Bon j'ai quand même une idée pour le téléphone, tu peux avoir le répondeur de france télécom. C'est le 31 03 je crois . Contacte les, ils t'expliqueront. Chez nous c'est comme cela. C'est un
répondeur à distance. Tu laisses un message d'acceuil indiquant que ceux qui cherchent à te joindre doivent laisser un message avec leur nom, coordonnées et la raison précise de leur appel
(éventuellement que tu n'a pas de temps de décharge et est dispo que de 17 à 17H30 ou ton mail pour régler cela par internet.) et tu rappeleras si nécessaire.Tu consultes le répondeur aux récrés.


Pour les heures de décharge de soutien , c'est pas légal je pense, fais appel aux syndicats ou bien triche et décharge toi de temps en temps.


 


Bien compliquée ta situation, ne craque pas l'important c'est ta famille et ton équilibre, ton bonheur. Ton boulot, même si nous avons tous un idéal, la preuve nous sommes sur ce blog, ne doit
pas être un sacerdoce et t'empêcher de vivre sereinement. La vie est courte !


 


bises et bon courage, Marie, ancienne directrice qui se sent plus légère...

christine G 08/11/2012 10:35


bien sûr que tu as eu raison d'appuyer sur envoi!!!! il est difficile de répondre à ton appel ... moi j'ai envie de te dire BRAVO ça ne sert pas à grand chose mais je suis admirative de tant
d'énergies déployées. nous ne sommes pas faibles parce qu'on demande de l'aide... tu as le droit de demander un entretien à ton inspecteur pour lui faire part de tes problèmes, tous ne sont pas
inhumains, en plus elle vient d'arriver elle a besoin de connaître la réalité du terrain ...et puis qu'as tu à perdre? Tu as une avs pour ton petit handicapé?
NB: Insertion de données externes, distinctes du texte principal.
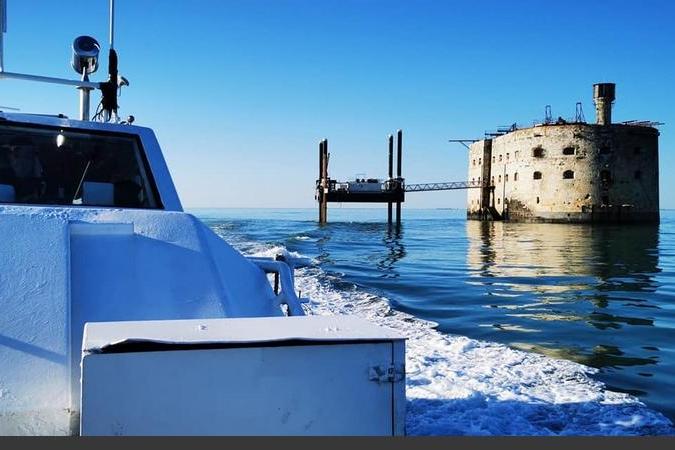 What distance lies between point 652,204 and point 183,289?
4850 centimetres

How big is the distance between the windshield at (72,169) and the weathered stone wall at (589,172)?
43467 mm

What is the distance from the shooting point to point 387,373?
2152 mm

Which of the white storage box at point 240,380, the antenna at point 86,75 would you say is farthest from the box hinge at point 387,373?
the antenna at point 86,75

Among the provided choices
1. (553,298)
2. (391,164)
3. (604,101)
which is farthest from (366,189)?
(553,298)

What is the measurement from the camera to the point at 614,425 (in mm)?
4430

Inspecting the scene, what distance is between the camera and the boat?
200cm

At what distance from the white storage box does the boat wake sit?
2243 millimetres

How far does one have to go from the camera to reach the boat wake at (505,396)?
4376 mm

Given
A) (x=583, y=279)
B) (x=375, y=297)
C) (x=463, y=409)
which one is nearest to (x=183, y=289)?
(x=463, y=409)

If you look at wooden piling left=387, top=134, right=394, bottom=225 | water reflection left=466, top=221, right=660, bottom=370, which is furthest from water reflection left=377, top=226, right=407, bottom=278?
wooden piling left=387, top=134, right=394, bottom=225

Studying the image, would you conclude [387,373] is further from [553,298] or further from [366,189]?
[366,189]

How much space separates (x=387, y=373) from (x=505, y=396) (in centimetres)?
320

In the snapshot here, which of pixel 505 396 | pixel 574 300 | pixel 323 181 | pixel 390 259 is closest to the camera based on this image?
pixel 505 396

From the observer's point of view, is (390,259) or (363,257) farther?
(363,257)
Et tes collègues t'aident comment? la directrice est elle la seule habilitée à ouvrir les mails?je suis dans une école de 3 classes et j'estime de mon devoir d'aider au mieux la directrice sans
se substituer à elle....et oui si c'est trop lourd vu ta conjoncture de vie personnelle effectivement lâche la direction quelques années...tu peux y revenir ? tes enfants avant tout non?